Comprenez que vous n’avez aucune raison de vous réjouir que votre gouvernement se soit emparé de Vei-Cha-Vei, de Port-Arthur ou de Cuba. Comprenez même que cette usurpation sera pour vous une cause de malheurs, que ce gouvernement exercera sur vous des pressions de toutes sortes pour vous faire participer aux pillages et aux violences qui accompagnent nécessairement l’occupation d’un territoire. Comprenez que votre vie ne sera ni meilleure ni pire du fait que l’Alsace sera allemande ou française, que l’Irlande et la Pologne seront libres ou dépendantes : quel que soit le maître de ces pays, vous pouvez vivre où bon vous semble.
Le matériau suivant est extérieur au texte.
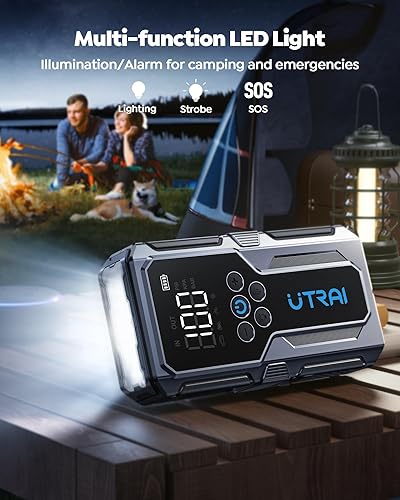 Miniatura 5 de UTRAI - Arrancador de coche con compresor de aire, 4000A 150PSI, arrancador de coche de 12V, arrancador de coche portátil con luces LED, cable de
Et même, si vous êtes alsaciens, irlandais ou polonais, comprenez que l’exaltation de votre patriotisme ne peut qu’aggraver votre situation, parce que le régime oppresseur que vous subissez est le résultat d’une lutte entre deux patriotismes et que toute manifestation de patriotisme provoque une réaction du patriotisme opposé. Comprenez que vous ne serez libérés de vos maux que lorsque vous vous serez affranchis de cette idée morte de patrie et de la soumission qu’elle vous impose envers vos gouvernements, lorsque vous serez entrés hardiment dans cette grande idée de la fraternité des peuples, qui depuis longtemps vit autour de vous et vous appelle.
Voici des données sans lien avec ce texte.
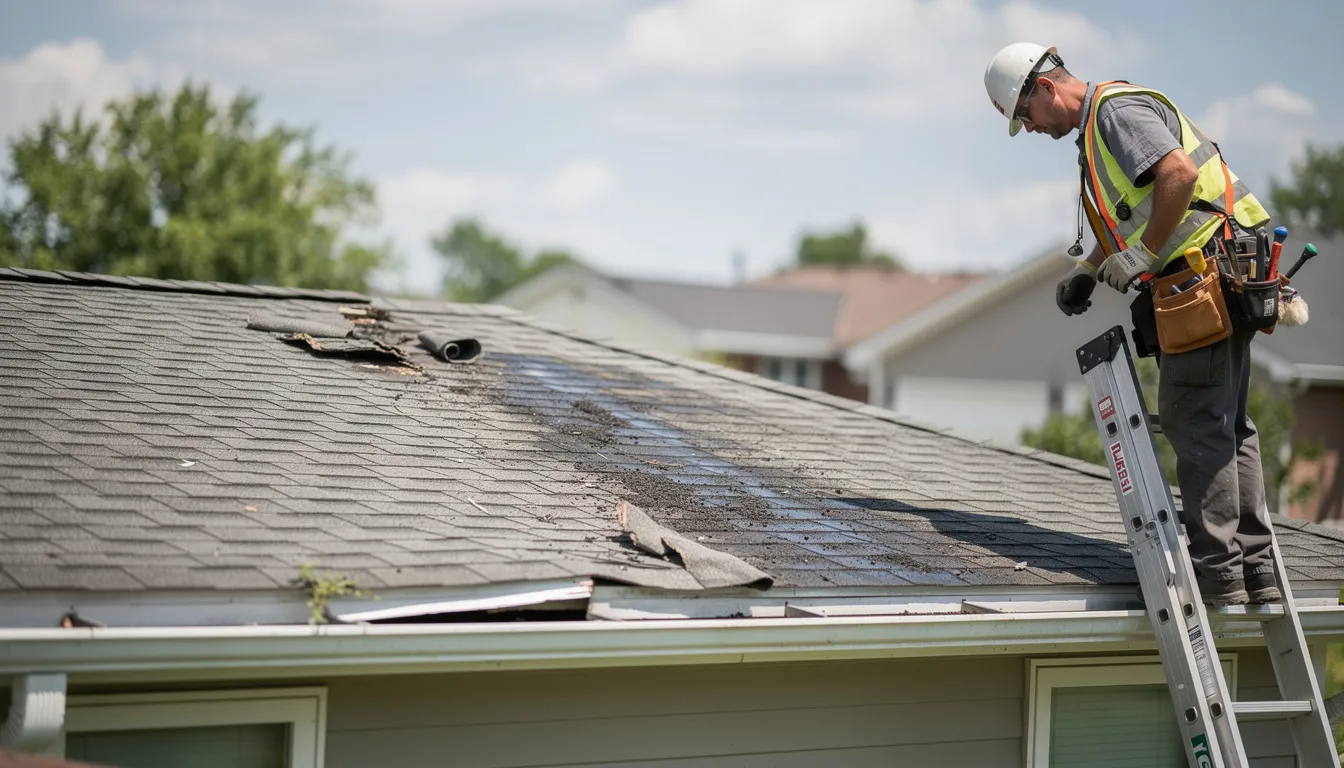 A roofing professional is carefully inspecting a residential roof from a ladder, looking for potential storm damage such as missing or damaged shingles and signs of a leaky roof. This thorough roof inspection is crucial for identifying necessary roof repairs to maintain the home's structural integrity.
Que les hommes comprennent seulement qu’ils ne sont pas fils de telle ou telle patrie, mais fils de Dieu, qu’ils ne peuvent donc ni devenir esclaves ni vouloir du mal à leurs semblables, — alors disparaîtront d’eux-mêmes ces gouvernements, ces institutions insensées, désormais inutiles et dangereuses, qui nous restent de l’antiquité et toutes les souffrances, toutes les violences, toutes les bassesses et tous les crimes qu’ils portent avec eux.